Fifty per cent of the fines collected are being given to the civic body.
Mumbai: Despite receiving some flak, clean-up marshals have managed to contribute crores of rupees to Brihanmumbai Municipal Corporation’s coffers. In the last two years, they have collected fines of up to Rs 17 crore from more than eight lakh people for littering in public. In 2016, BMC had appointed 22 private security agencies in 24 administrative wards for a period of one year to implement cleanliness norms. Last year, they were given an extension of a year.
In B-ward, the concerned agency was not allowed to operate for failing to submit the required documents, whereas in E-ward, the BMC had asked the concerned agency to stop its work after serious complaints.
Clean-up marshals of the remaining 20 agencies were given the task of stopping people from littering in public and collecting fines in the range of Rs 100-1000 from them. Fifty per cent of the fines collected are being given to the civic body.
According to civic data, in the first year, security agencies collected fines up to Rs 9 crore from 3,76,000 lakh people. The BMC received its 50 per cent share of Rs 4.5 crore. In the second year, they collected fines of Rs 8.06 crore from 4,54,158 people. BMC got Rs 4.03 crore.
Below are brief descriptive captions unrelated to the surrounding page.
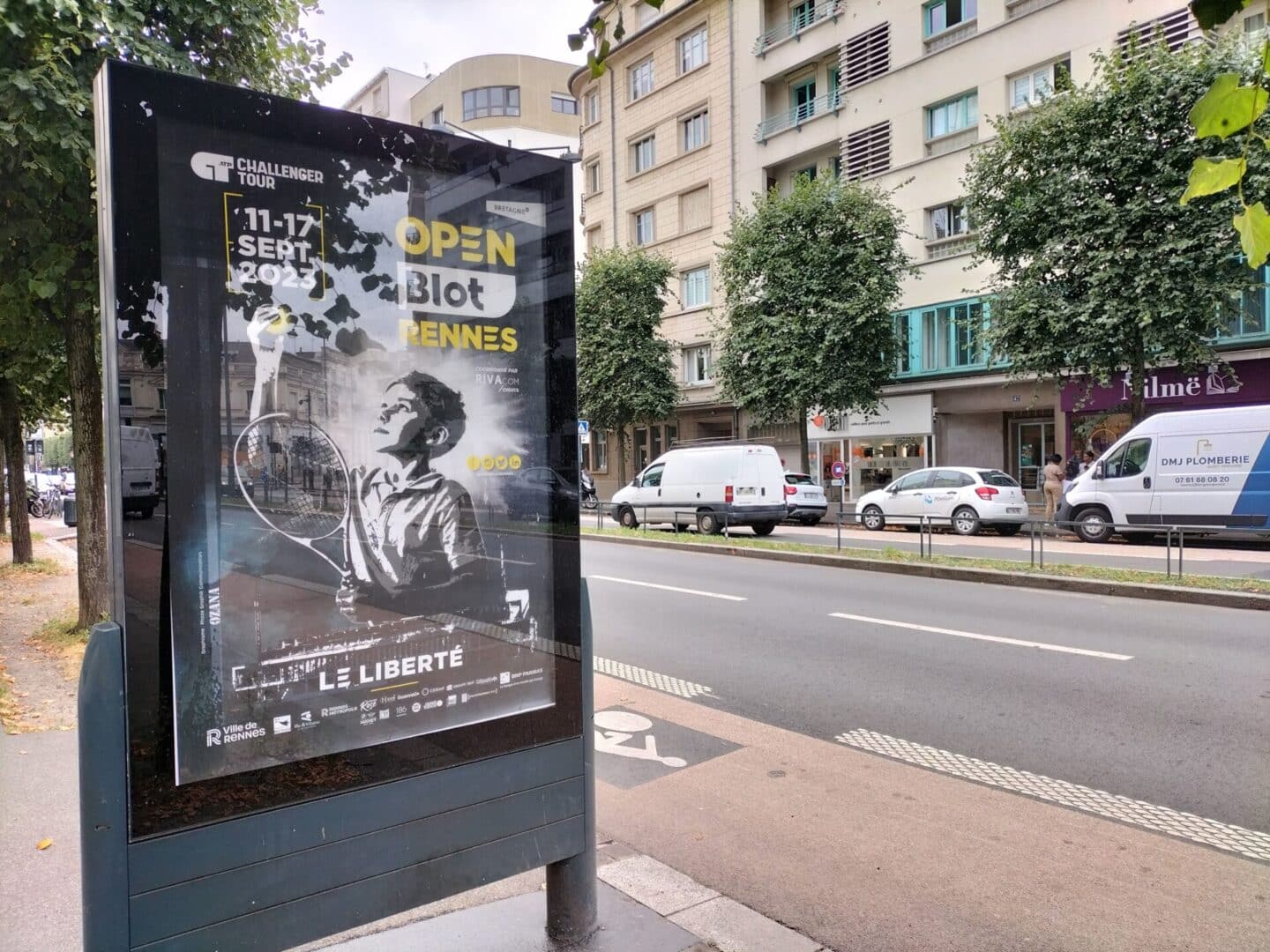 Open blot Rennes jeunes tennis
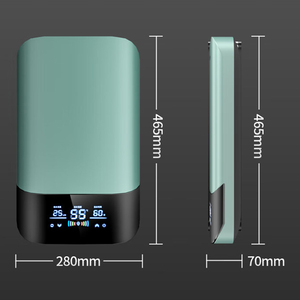 8500 Wát ngay lập tức Máy nước nóng | 5S nhiệt sinh thái chế độ IPX4 không thấm nước cho phòng tắm & nhà bếp với LCD quá nóng bảo vệ - Product Image 4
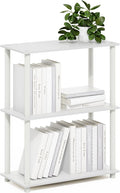Furinno Turn-N-Tube 3-Tier Compact Multipurpose Shelf Display Rack by Furinno-FitsYourSpaceFitsYourBudget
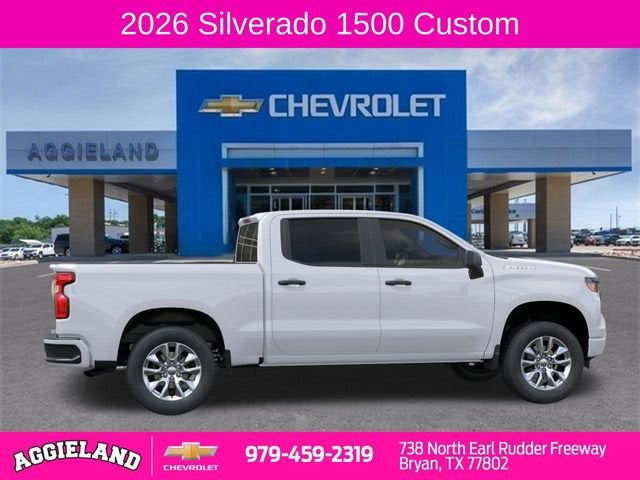 2026 Chevrolet Silverado 1500 Custom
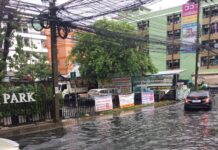 Widespread Blackout Hits Bangkok After Storm
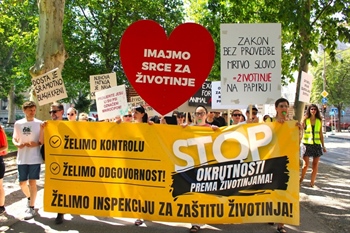Zaštita životinja: Nakon slučajeva u Dvoru, na Učki i kod Biograda traže promjenu sustava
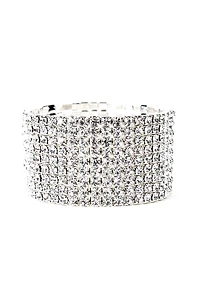 Sparkly Glam Rhinestone Bracelet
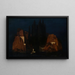 L'Île des morts - Arnold Böcklin — quadro incorniciato alla parete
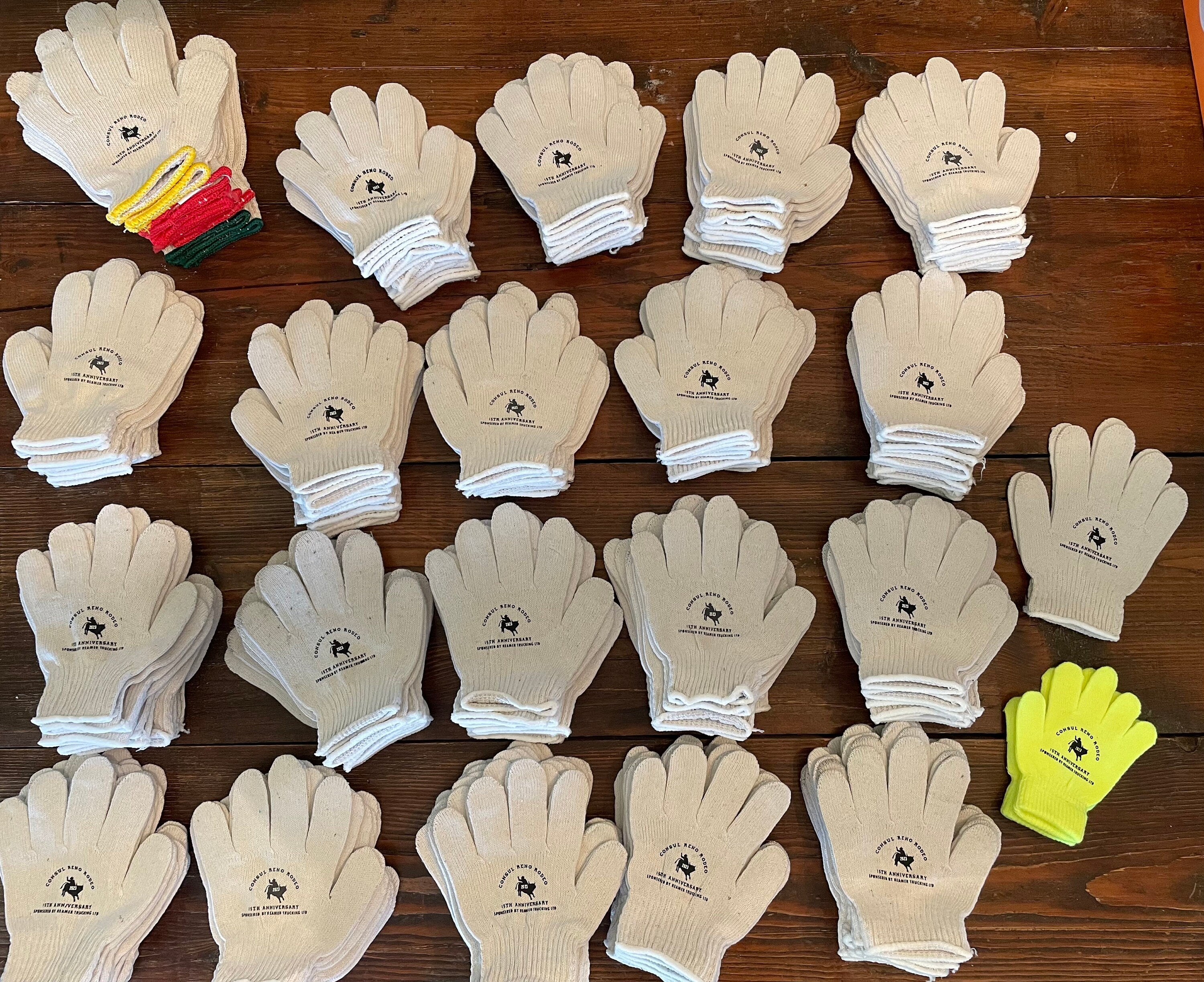 Bulk order customizable ranch gloves, farm, business, construction gloves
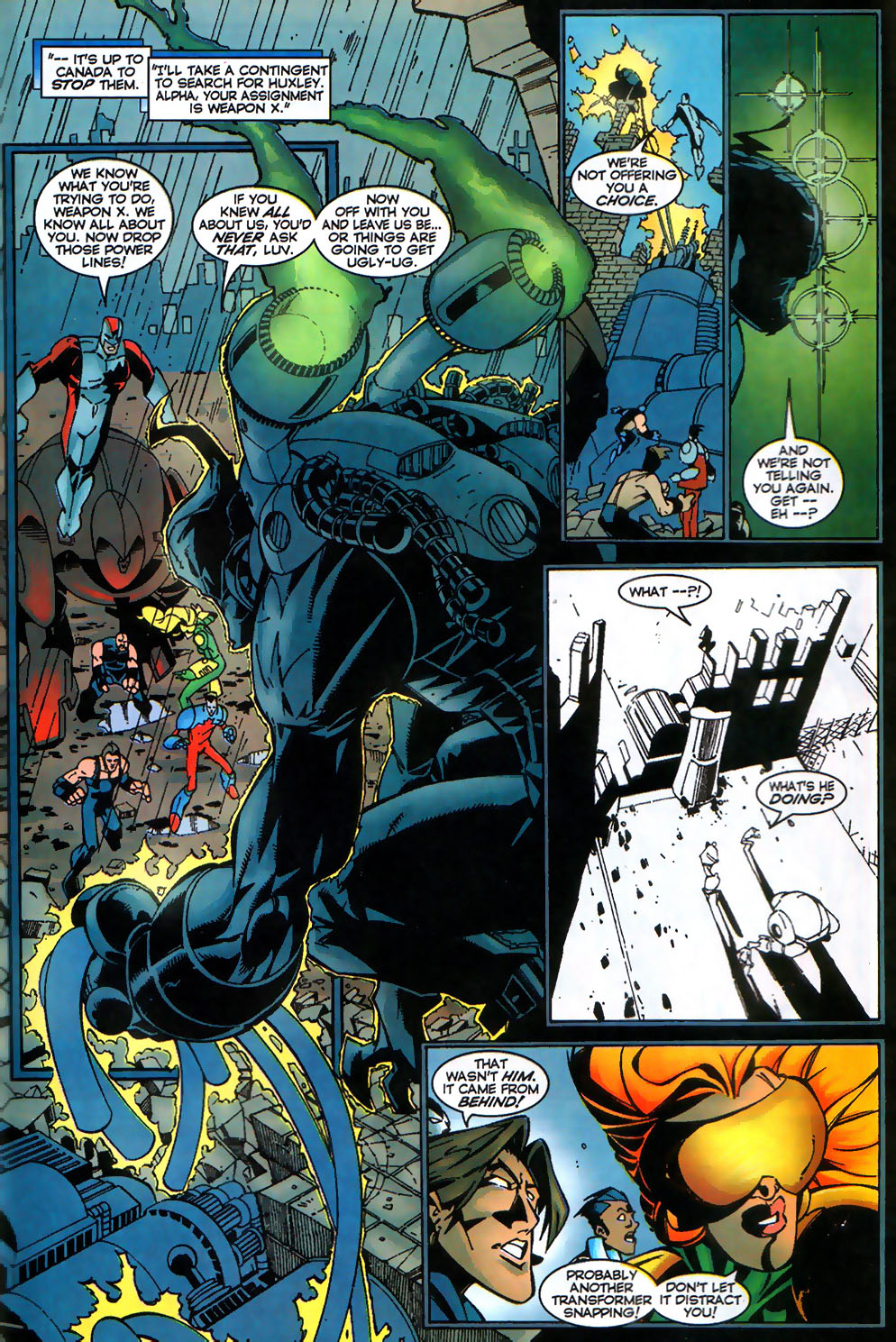 Read online Alpha Flight (1997) comic -  Issue #18 - 19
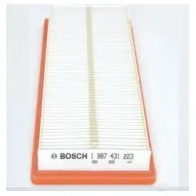 Салонный фильтр BOSCH SANXO 350884 1987431223 M 1223 - Изображение 2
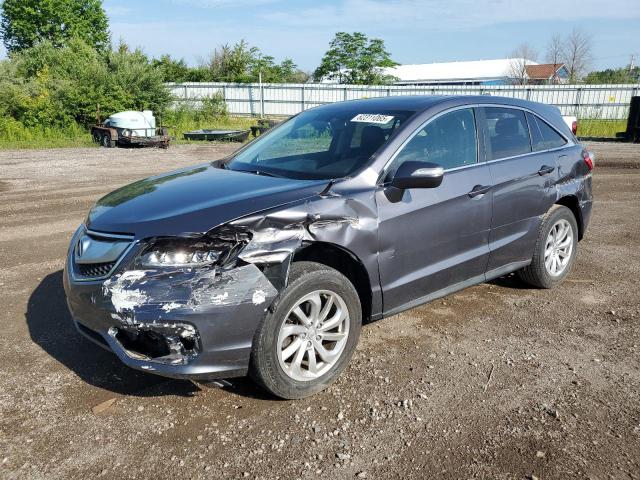  ACURA RDX 2017 Вугільний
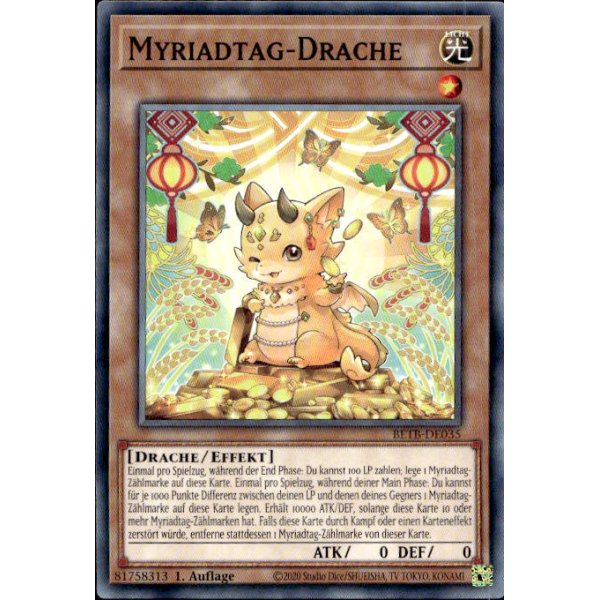 Myriadtag-Drache BETB-DE035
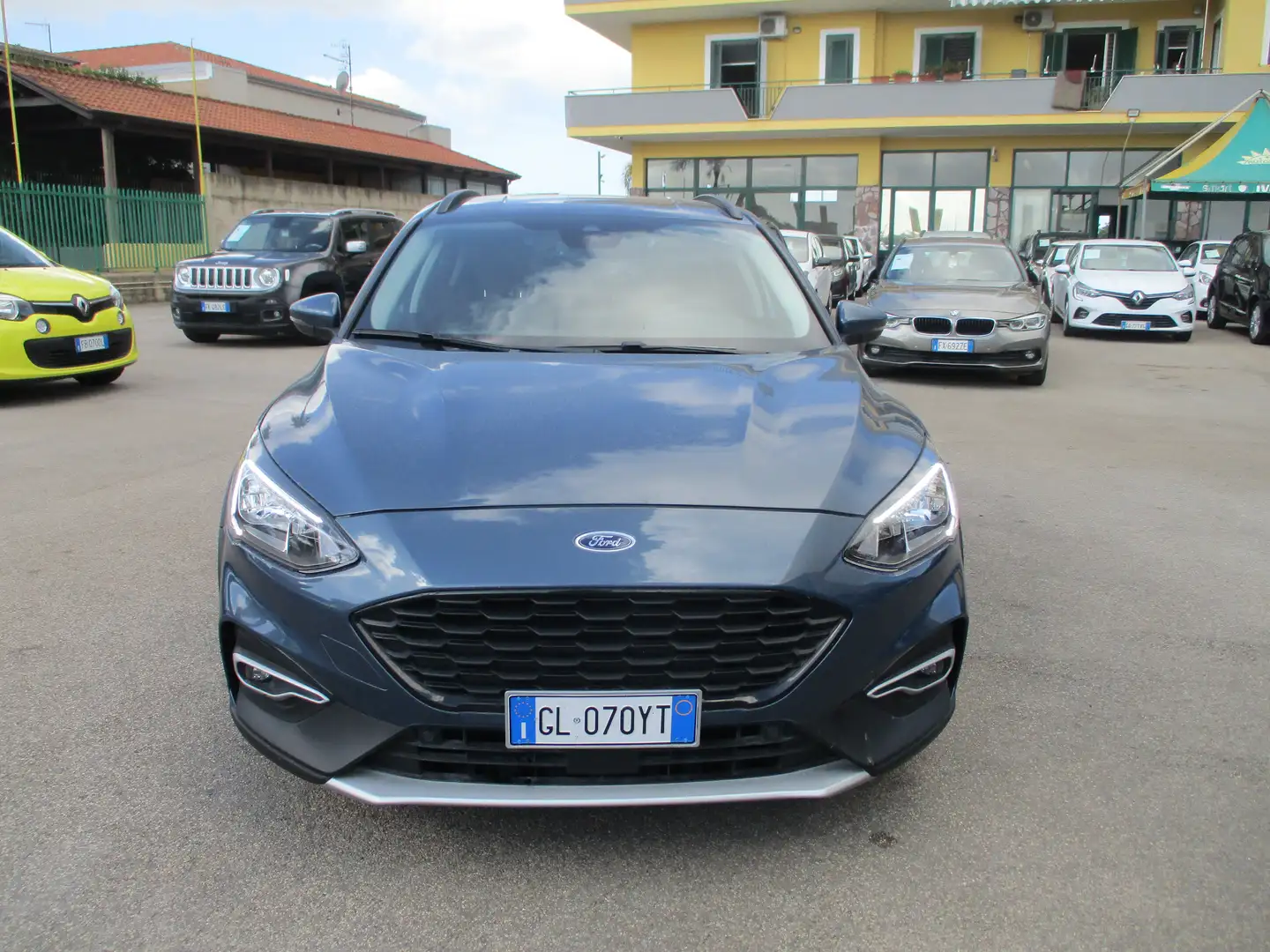 Ford Focus 1.5 TDCI ACTIVE ECOBLUE AUTOMATICA/NAVI/PDC Blau - 2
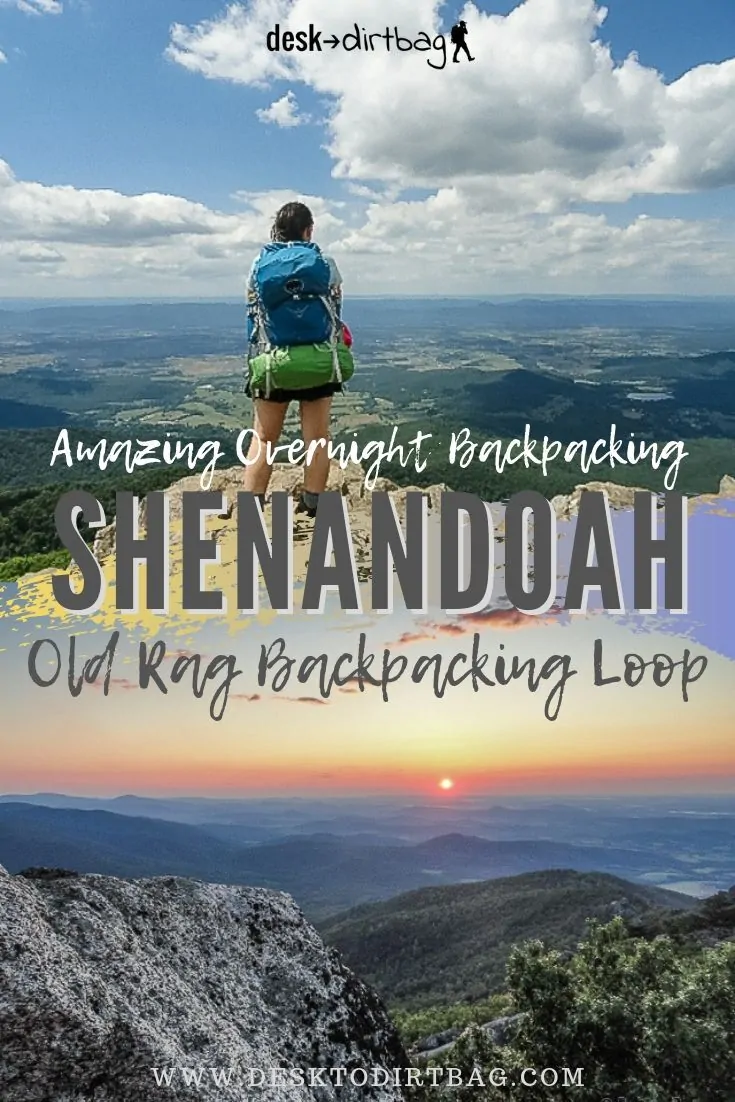 The Incredible Old Rag Backpacking Loop in Shenandoah National Park
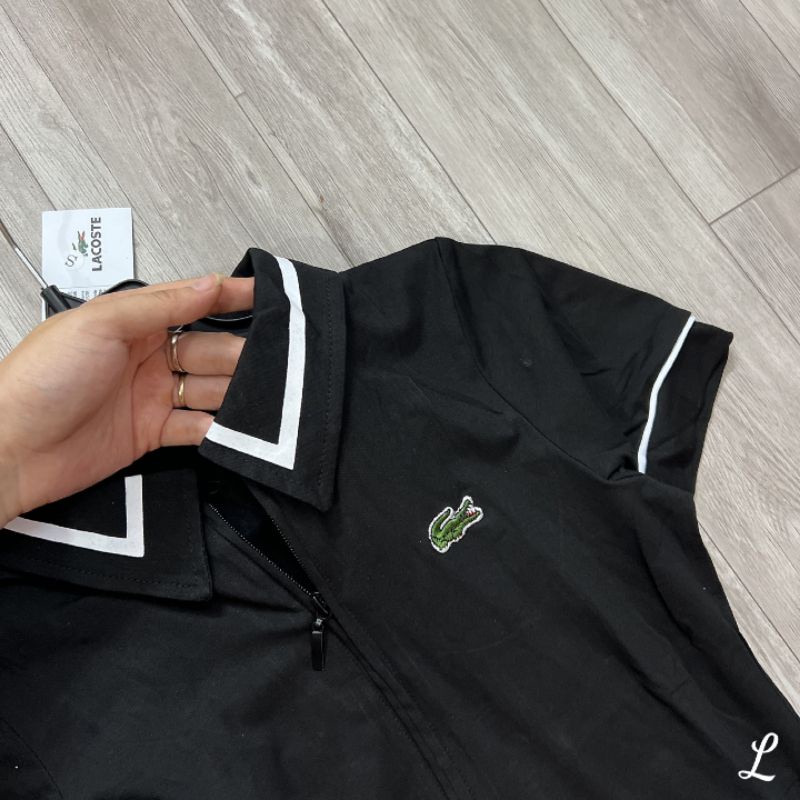 VÁY POLO NỮ MÀU đen giấu bụng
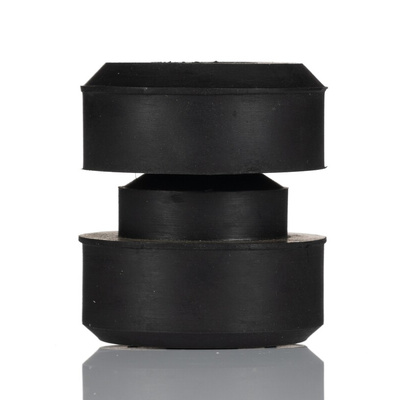 RS PRO Round M14 Anti Vibration Mount with 172 Compression Load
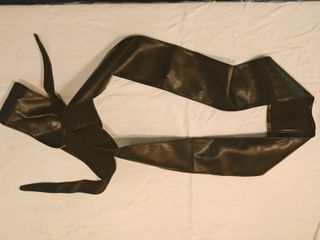 Lotto 9 cinture donna nere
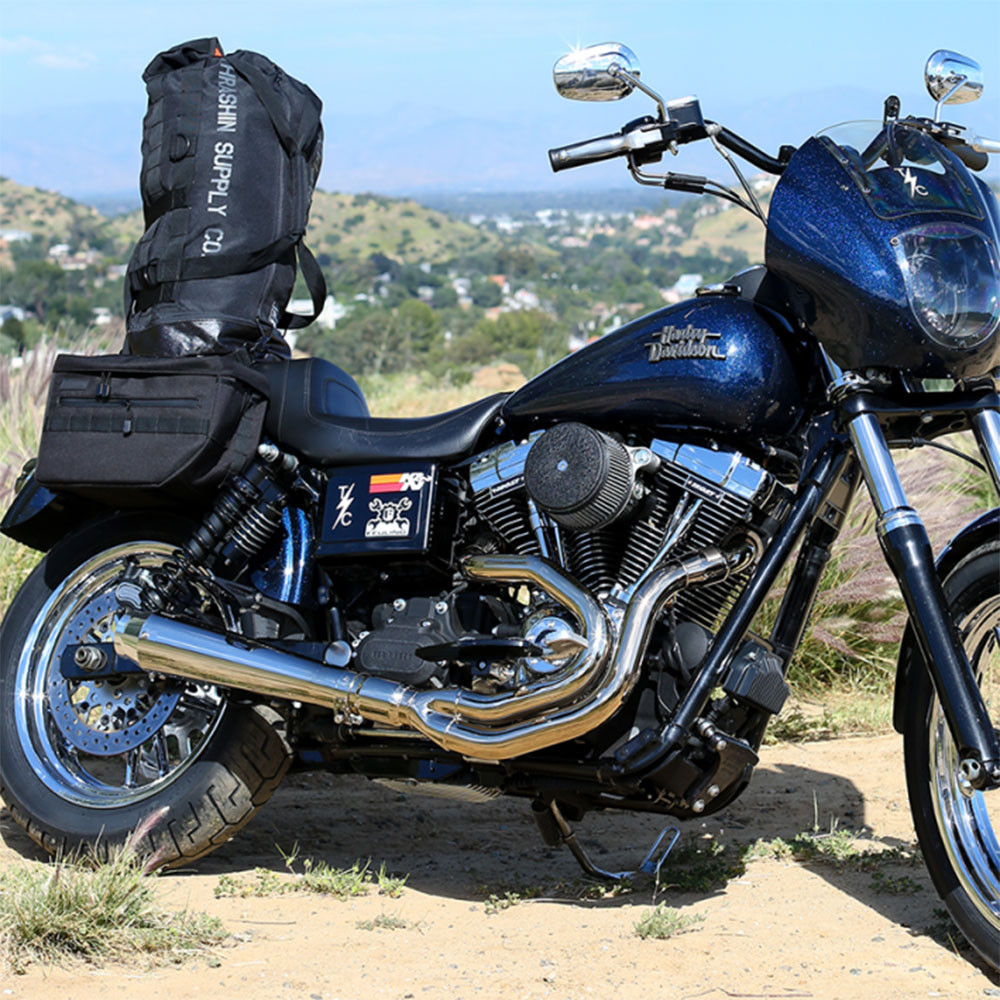 motorcycle duffle bag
“The tenure of these private security agencies came to an end in July and August this year. New agencies will be appointed in the new year. Till then, the BMC has decided to give a four-month extension to these 20 agencies,” said a senior civic official.
But there have been allegations of extortion against some marshals. Civic activist Nikhil Desai said, “The BMC should not just look to make profits from the scheme. It should ensure the marshals are doing their jobs .”properly.”